Some of us submit our opinions to cat scratching peer review, take our lumps and get better.
There’s this bunch of lawyers who say they’re Defending Food Safety.
Probably the worst blog name since Maple Leaf’s “Our Journey to Food Safety Leadership.”
One of them, Shawn Stevens (stevens@gasswebermullins.com) wrote on Oct. 22/09 that each year, American families eat somewhere in the neighborhood of 328.5 Billion safe meals – and countless more safe snacks. While any illness or death linked to the consumption of food is one too many, the fact remains that (at three meals a day) you and I are 20 times more likely to die this year from pneumonia or drowning than from a food-borne illness. Although not perfect, the statistics are quite impressive.
As the Sloan song says
When you find you’re a conformer
Take pride and swallow whole
Stevens goes on to say,
As consumers, we are inundated by media “fear-mongering,” and made to believe that with each meal consumed, we draw closer to the precipice of some fathomless tragedy. We are also taught to be suspicious and wary of the people who have dedicated their lives to ensuring that our families are fed, and that our food is wholesome.
You see, food safety is a complicated and dynamic issue. It is easy to be a cynic. It is easy to attack others with the benefit of extended hindsight. It is easy to simplify things to a level that a third grader would find devoid in both substance and fact. The real challenge, however, lies in embracing a reasoned and proactive approach that not only recognizes the limits of technology and science, but, at the same time, within these limits, best reduces the risks most likely to occur to the greatest extent possible.
Dude, you just failed my intro class for most horrible and unsubstantiated metaphors.
But why not reference our paper, Where does foodborne illness happen–in the home, at foodservice, or elsewhere — and does it matter? Because that would conflict with your world-view?

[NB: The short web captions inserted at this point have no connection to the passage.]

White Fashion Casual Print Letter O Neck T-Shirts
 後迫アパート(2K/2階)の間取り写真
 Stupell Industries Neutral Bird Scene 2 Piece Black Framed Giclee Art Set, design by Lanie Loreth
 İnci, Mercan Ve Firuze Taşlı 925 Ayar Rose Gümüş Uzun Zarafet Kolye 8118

In any event, for those who continue to ignore science and reason, who contend that food safety is the responsibility of food producers alone, and who wrongly proclaim that food safety is only as simple as “not eating poop,” I say this: given the statistics, what goes into one mouth is often far less harmful than what comes out of another.
I e-mailed the lawyer in question on Friday about the don’t eat poop line, and he decided not to answer. Seriously I don’t want to know what is coming out of his mouth.